For me, though, the most classically British element of that Christmas isn’t the TV show, but the gathering in the restaurant. I like to think that, despite everything certain groups want us to believe, Britain is an open and generous country. I certainly felt that then; that we were all happy celebrating our Italian heritage but happy too that where we were was home.

Armando Iannucci is a screenwriter and director. His works include “The Thick of It”, “In The Loop” and “The Personal History of David Copperfield”


Magic Horse, Cwm Cou, Wales from the series “Behind the Scenes” by Ilona Denton. To see more please visit https://www.ilonadenton.com/

David Olusoga

The Union Jack – adopted by neo-Nazis, punks and Britpop – holds multitudes

Growing up in the north-east of England in the 1970s and 1980s, Britishness and its symbols sometimes felt out of bounds; unavailable to me and people like me. I have two strong childhood associations with the Union Flag; the first positive, the second negative. One is from 1977, the year of the Queen’s Silver Jubilee, when the classrooms in our crumbling, red-brick, Victorian-era school became an ersatz production line, as we painted hundreds of flags that were then strung together to decorate the school and the terraced streets around it. As a seven-year-old, sat with my friends and siblings at Jubilee street parties, it never occurred to me that the national symbol we had painted with such care would one day be turned against me.

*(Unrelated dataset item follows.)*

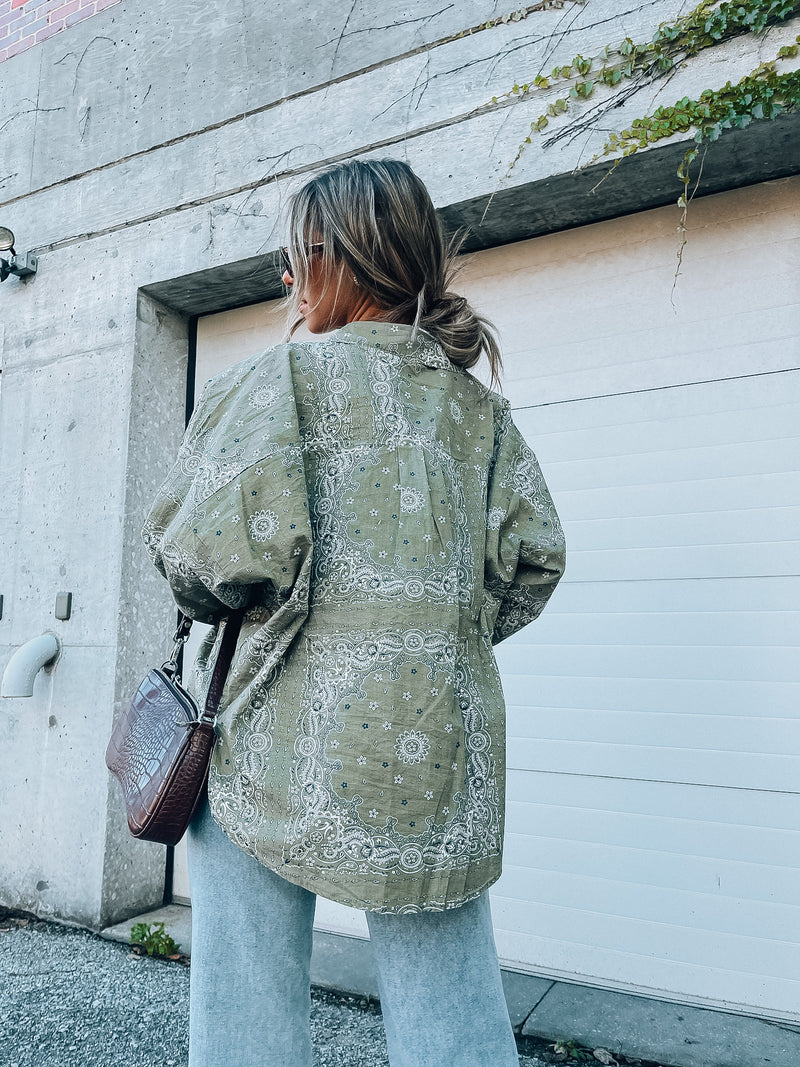 Paisley Oversized Button Up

The second association came in my teenage years in the 1980s, by which time the Union Flag was firmly in the hands of neo-Nazis like the National Front, who openly hawked their ideology and its iconography from stalls, set up on high-street corners, and terrorised black and Asian people with violence and threats of violence. Their message – delivered with such menace – was that I, as a black person, had no claim to Britishness and no right even to be in Britain.

By the 1990s, when the tenor of the times had changed again, a generation of black people, who for the most part had been born in Britain, rejected efforts to exclude them and began to identify as “black British”. In doing so they turned what had been a tick-box on monitoring forms into a living identity with its own imagery, heroes and history. To many, Britishness seemed a more accessible identity than Englishness, Scottishness or Welshness.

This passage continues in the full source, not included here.